Anyone using Dedup?

firepowr · Jan 5, 2013

I've read about the concern about enabling the dedup option. It seems many are against using it. But from reading the wiki most of the concern is based on having limited RAM.

I'm very interested in using Dedupe on my freenas server. My server currently has 16GB of ram with 2TB of storage. With that amount of RAM it should be more than enough to hold the dedupe tables and it should avoid any of concerns that were mentioned.

Anyone here in the forums use the dedup function?

Another quick question, if you do use dedup have you tried periodic snapshots and replication on that volume?

ProtoSD · Jan 5, 2013

Have you seen this link from one of the developers?

http://forums.freenas.org/showthrea...uture-of-FreeNAS&p=31805&viewfull=1#post31805

I'm curious to hear if other people have tried it also, possibly only on a dataset level. I'd definitely would be cautious about playing with it without having a backup.

I found this post interesting:

https://blogs.oracle.com/bonwick/entry/zfs_dedup

firepowr · Jan 5, 2013

Thanks for the links.

protosd said:
Have you seen this link from one of the developers?

http://forums.freenas.org/showthrea...uture-of-FreeNAS&p=31805&viewfull=1#post31805

I'm curious to hear if other people have tried it also, possibly only on a dataset level. I'd definitely would be cautious about playing with it without having a backup.

I found this post interesting:

https://blogs.oracle.com/bonwick/entry/zfs_dedup

cyberjock · Jan 6, 2013

I'd love to hear too. I'd bet there are an extremely few number of people using it considering how cheap hard drive space is versus the potential consequences if you don't have enough RAM.
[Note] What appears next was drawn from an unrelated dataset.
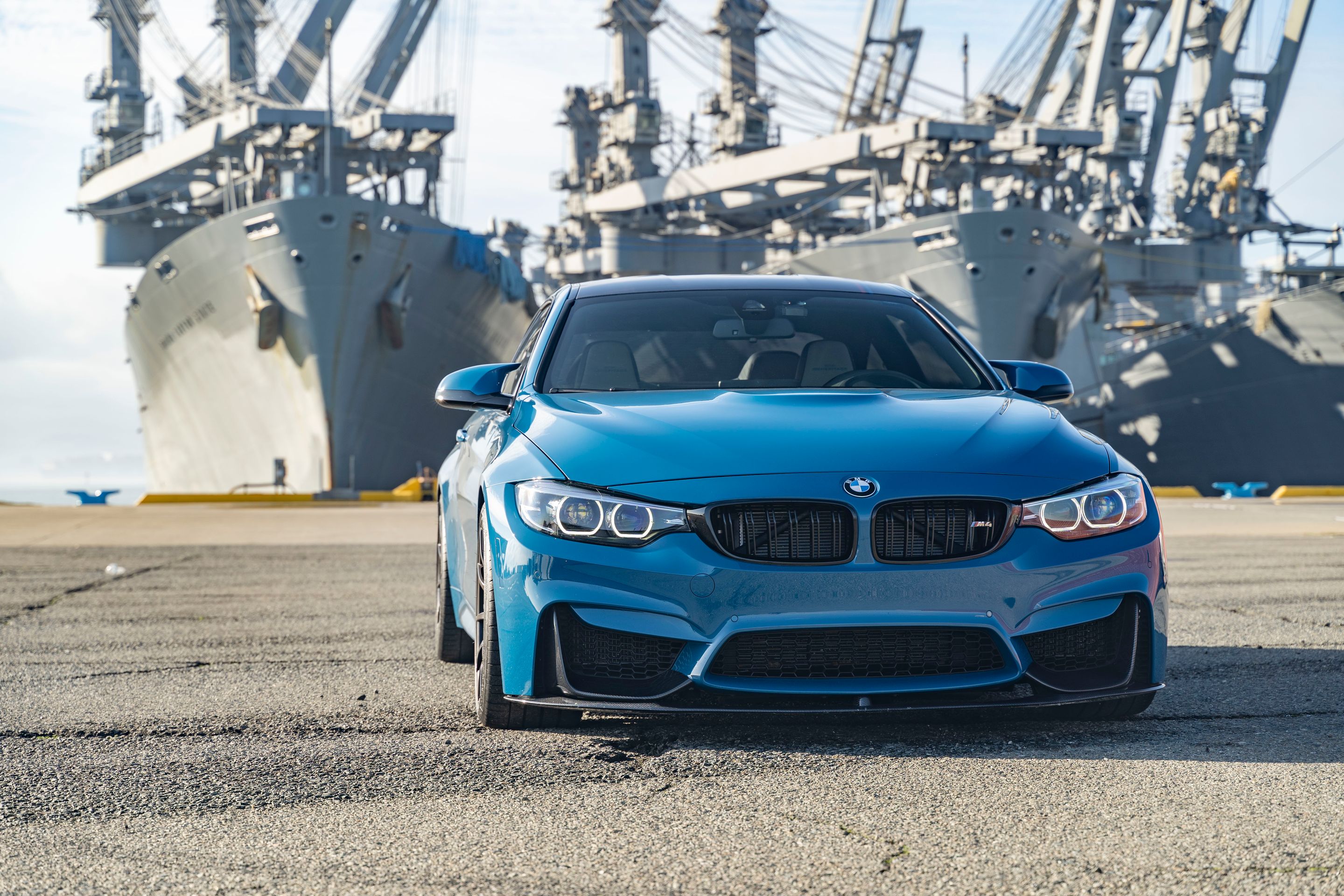 Blue BMW F82 Coupe M4 with 19" SM-10 Apex wheels in Satin Black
I'd think for home users we wouldn't do it because we want maximum storage space without spending $2k+ on RAM alone.

For business users I'd imagine they would have a backup location that may not support dedup so any "savings" in disk space is lost on the backup. If they backup location is an identical FreeNAS(or other system that supports ZFS with dedup) they can probably afford to buy the total amount of disk space they want anyway. So why bother with dedup with the potential devastating consequences if things go bad.

Quite honestly, its a feature I expect will be used in very very very few locations on the planet.
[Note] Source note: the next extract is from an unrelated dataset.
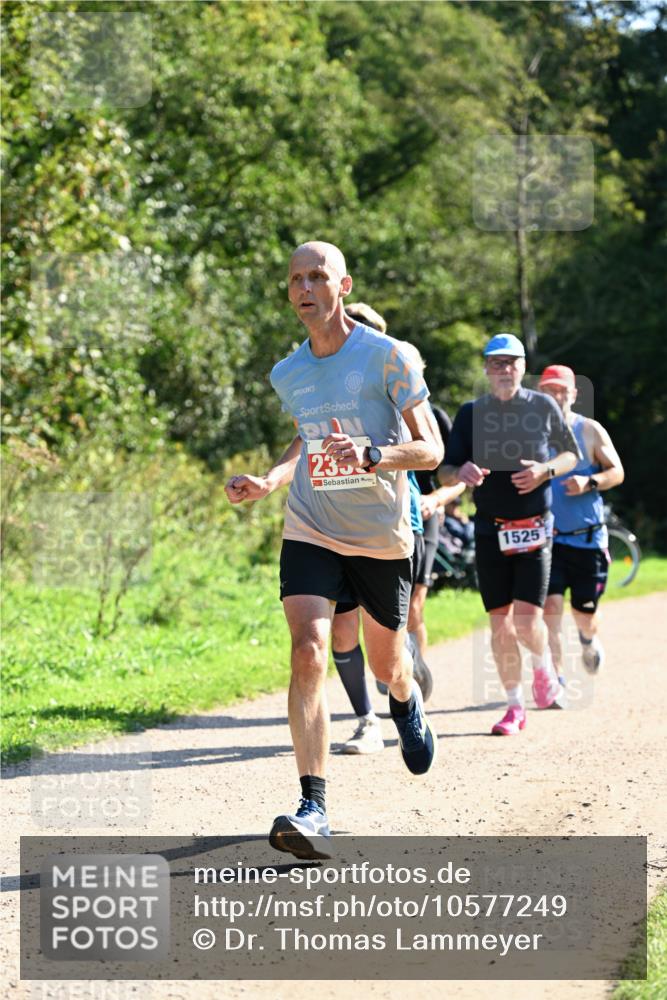 27.09.2026 - 35. Volkslauf durch das schöne Alstertal Dr. Thomas Lammeyer http://msf.ph/oto/10577249 27.09.2026 11:51:28 Laufen 23, 1525 meine-sportfotos.de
In my head I have the opinion that the only people that will use dedup will be:

1. Bada** mofos that don't need no "steenkin' forum" for support or
2. Dumba**es and really don't know what they're getting themselves into.

LOL.

firepowr · Jan 6, 2013

For the most part those two points are true. But I was thinking of implementing an off site DR backup. And it would be easier for me to pitch something that is in expensive as freenas rather than a datadomain appliance.
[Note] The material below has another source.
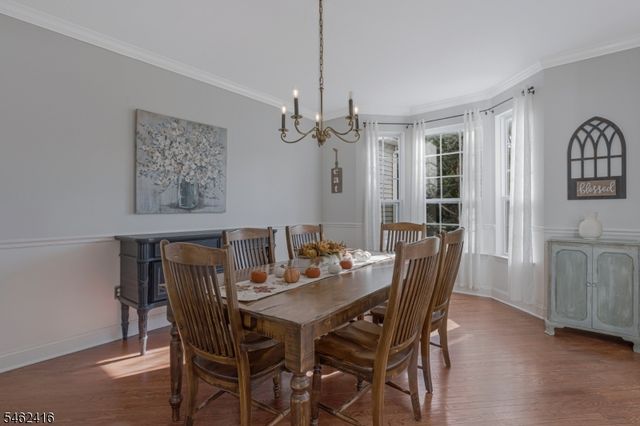 2 Saunders Ln, Mount Olive Twp., NJ 07840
With the spare servers that we have and the dedup feature freenas has I can probably implement it without much cost, if any.

I think many aren't using dedupe because of the lack of any real world testing or people just aren't talking about it. Anyhow, I'm going to run a test setup with some spare hardware and see if I will run into any of those issues.

My hypothesis is that if my Ram amount is 8gb per 1tb of storage I should be fine. I'll report back with my findings in a week or two.

noobsauce80 said:
I'd love to hear too. I'd bet there are an extremely few number of people using it considering how cheap hard drive space is versus the potential consequences if you don't have enough RAM.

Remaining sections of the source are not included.